I could hardly believe this was the same Hotel Hana-Maui I had visited eight years earlier. The legendary resort at the end of the twisting road slipped into a coma and nearly expired during the 1990's, but it has made a miraculous recovery. In 2001 it was bought by Peter Heinemann and Michael Freed of San Francisco, who couldn't bear to watch its decline any longer. Lawyers turned hoteliers, co-founders of the Post Ranch Inn in Big Sur, partners in the Jean-Michel Cousteau Fiji Islands Resort, they wanted to create a stylish Pacific retreat where, Heinemann says, "people can get in touch with their souls."
No need to be uncomfortable while getting in touch with your soul, of course. They wanted the hotel to be luxurious, though there was no going back to the Cristal-and- shoulder pads glamour of the 1980's, when Rosewood remade the hotel into the definitive beige love nest. They also wanted it to be a little earthy, but not the calculatedly homey family affair that Paul Fagan ran here in the 1950's and 60's.

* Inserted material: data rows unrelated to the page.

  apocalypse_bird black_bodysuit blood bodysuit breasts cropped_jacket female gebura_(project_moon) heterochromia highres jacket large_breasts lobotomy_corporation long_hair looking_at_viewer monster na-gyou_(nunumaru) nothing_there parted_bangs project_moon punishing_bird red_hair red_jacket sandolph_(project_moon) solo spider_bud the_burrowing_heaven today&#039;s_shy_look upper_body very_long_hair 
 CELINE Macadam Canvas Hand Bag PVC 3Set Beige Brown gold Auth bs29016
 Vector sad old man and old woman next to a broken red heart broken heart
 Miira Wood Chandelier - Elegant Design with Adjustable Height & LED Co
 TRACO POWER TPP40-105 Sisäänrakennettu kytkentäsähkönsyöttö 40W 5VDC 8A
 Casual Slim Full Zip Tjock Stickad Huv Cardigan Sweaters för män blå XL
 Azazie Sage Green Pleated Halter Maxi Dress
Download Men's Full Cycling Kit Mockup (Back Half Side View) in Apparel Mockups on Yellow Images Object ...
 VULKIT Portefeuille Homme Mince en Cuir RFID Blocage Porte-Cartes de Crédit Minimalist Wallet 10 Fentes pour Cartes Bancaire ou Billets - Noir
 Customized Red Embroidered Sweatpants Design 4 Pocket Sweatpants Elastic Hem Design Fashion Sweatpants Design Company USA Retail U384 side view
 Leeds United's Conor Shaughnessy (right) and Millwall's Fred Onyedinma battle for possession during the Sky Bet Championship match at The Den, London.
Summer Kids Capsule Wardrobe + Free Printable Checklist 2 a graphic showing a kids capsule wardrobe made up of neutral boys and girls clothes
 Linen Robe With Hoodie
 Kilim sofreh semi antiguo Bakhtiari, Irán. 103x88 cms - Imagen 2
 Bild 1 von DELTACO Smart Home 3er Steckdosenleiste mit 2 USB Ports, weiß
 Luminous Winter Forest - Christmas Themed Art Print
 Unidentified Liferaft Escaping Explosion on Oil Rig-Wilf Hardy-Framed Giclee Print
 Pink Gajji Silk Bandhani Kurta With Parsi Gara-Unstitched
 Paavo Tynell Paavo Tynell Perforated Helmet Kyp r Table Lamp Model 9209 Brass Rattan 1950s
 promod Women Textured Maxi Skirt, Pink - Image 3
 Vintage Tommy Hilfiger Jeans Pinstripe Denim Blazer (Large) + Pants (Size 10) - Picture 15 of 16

The new Hana-Maui is gentle, sophisticated, and very Hawaiian, a quality not always easy to find in Hawaii. It's smaller than before, with only 66 rooms—some the original Bay Cottages, clustered around a pretty lawn, but most the larger Sea Ranch Cottages of the Rosewood era, with lanais and Jacuzzis and ocean views. The public areas feel clubby, with a lovely bar, a ravishing pool lighted by flaming torches, a small library that you won't use but which sets the right tone, and, by fall 2003, a big spa that will be reason enough to make the long trip. There are new chefs and impressive new menus in a very relaxed dining room that's never crowded, as well as another restaurant at nearby Hana Ranch.
For your own good, some things have been left out. There are no televisions, no clocks, no radios, and no air conditioners in the rooms, and there's no USA Today in a plastic bag on your doorknob each morning. The mini-bar contains only water, juice, and Coke, and it's all free. The pool scene is low-key, and the golf scene doesn't exist. And then there's the staff, not the usual recent graduates of Happy School, but almost entirely Hawaiian. Hana is their universe.
It took a moment to accept being deprived of CNN and The Sopranos, and another to convince myself that a ceiling fan would really keep me cool. Then I discovered that the mattress was topped with a feather bed, and the pillows had just the right loft. And before I knew it, my eyes were closing. When I awoke to the fragrance of the lei I had left on the bedside table, I was already thinking that four days would not be enough.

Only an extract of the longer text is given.